Ms. Allen has received several other honors for her work, including an honorary doctorate from the North Carolina School of the Arts—where she had been originally  rejected as unsuitable for their ballet school. She also recently earned a star on the Hollywood Walk of Fame and a Lifetime Achievement Award from the American Women in Radio and Television.


George Shirley, Resident Artist

If there is one person who can be credited with opening the doors for modern black tenors it would have to be  Professor George Irving Shirley and his prodigious career of remarkable firsts. 

Recently retired as a Distinguished University Emeritus Professor of Voice at the University of Michigan, Mr. Shirley, is known as one of opera’s most versatile tenors and he has enjoyed a trail blazing international career. 

Raised in Detroit and a graduate of Wayne State. In 1955 George became Detroit’s first black high school music teacher. The following year, drafted into the Army, he became the first black man to sing with the U.S. Army chorus. In 1961George Shirley became the first black male to receive a contract from the Met and the second black male to perform there.

George performed 28 major roles in 26 operas during his 11 seasons with the Met, appearing more often than any other tenor. He also performed for the Royal Opera (Covent Garden), the Chicago Lyric, Netherlands, Scottish, San Francisco, New York City and Michigan opera companies

He also received a Grammy Award in 1968 for his role (Ferrando) in the prize-winning recording of Mozart’s Così Fan Tutte and his solo performance with the Mormon Tabernacle Choir was nationally broadcast on CBS in 1990. In 2014, he  was awarded a National Medal of Arts by President Barack Obama,  the nation’s highest artistic award for demonstrating a lifetime of creative excellence.

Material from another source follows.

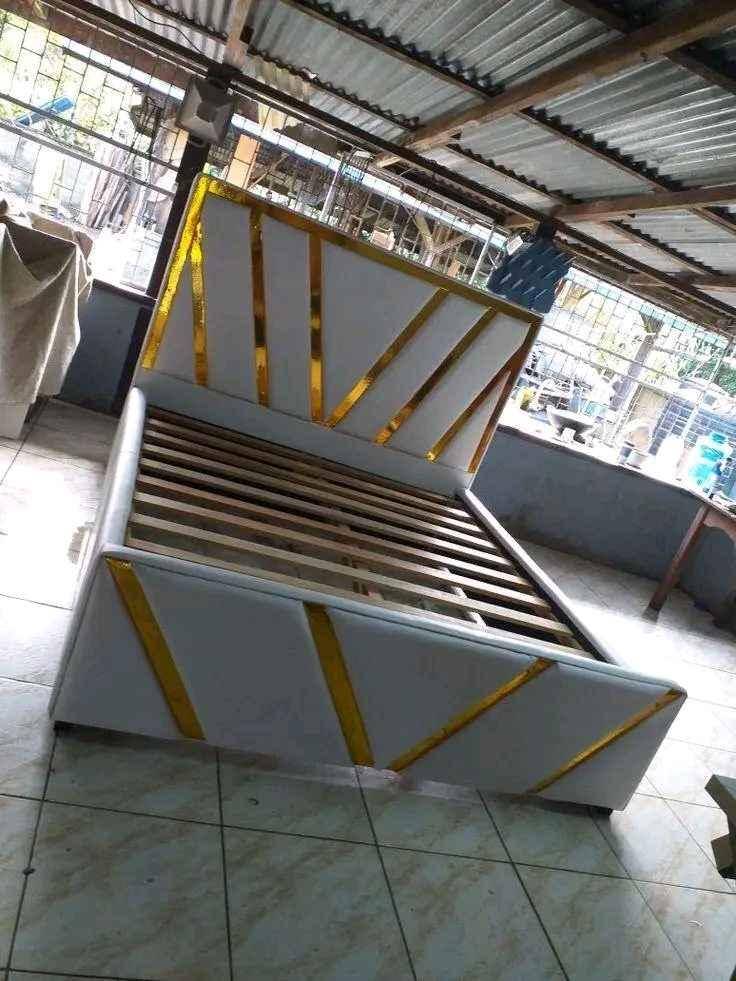 5 by 6 modern bed  for sale in Kampala - Yilick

Juanita Anderson, Resident Artist

Juanita Anderson, Senior Lecturer and Area Head of Media Arts and Studies programs at Wayne State University, is a veteran producer, executive producer and documentary filmmaker.

A native of Detroit, she has previously held the positions of Producer/Director and Production Manager at WSIU-TV, Executive Producer of Cultural Affairs and Special Projects for WTVS – Detroit Public Television, and Series Producer for WGBH-Boston.

A long-standing advocate for minority participation in public broadcasting and for independent media, Anderson has served on the Board of Directors of the Independent Television Service (1998-2005), and was a co-founder of the National Black Programming Consortium.

She is also an accomplished still photographer whose work has been exhibited internationally and is included in the permanent collections of Southern Methodist University and the Mott-Warsh Collection.

Patrice Rushen

Patrice Rushen, Resident Composer

Patrice Rushen is an award-winning musician and composer who is also one of the most sought after artists in the music industry. She is a classically trained pianist who originally found success in the 70’s and 80’s with her signature fusion of jazz, pop and R&B.

Rushen is also a four-time, Grammy nominee who has composed scores for movies and television. Considered one of the world’s top jazz pianists, she has performed with many artists. Among them the esteemed Stevie Wonder, Herbie Hancock, Prince, Nancy Wilson, Carlos Santana, and Lee Ritenour. Patrice is also a record producer and an award-winning composer of symphonic music, some of which was commissioned by the Detroit Symphony Orchestra.

This season Ms. Rushen is composing an original work for The Carr Center’s “Gathering Orchestra Nonet,”that will have its world premiere on May 21st commissioned as part of the Resonate Project collaboration.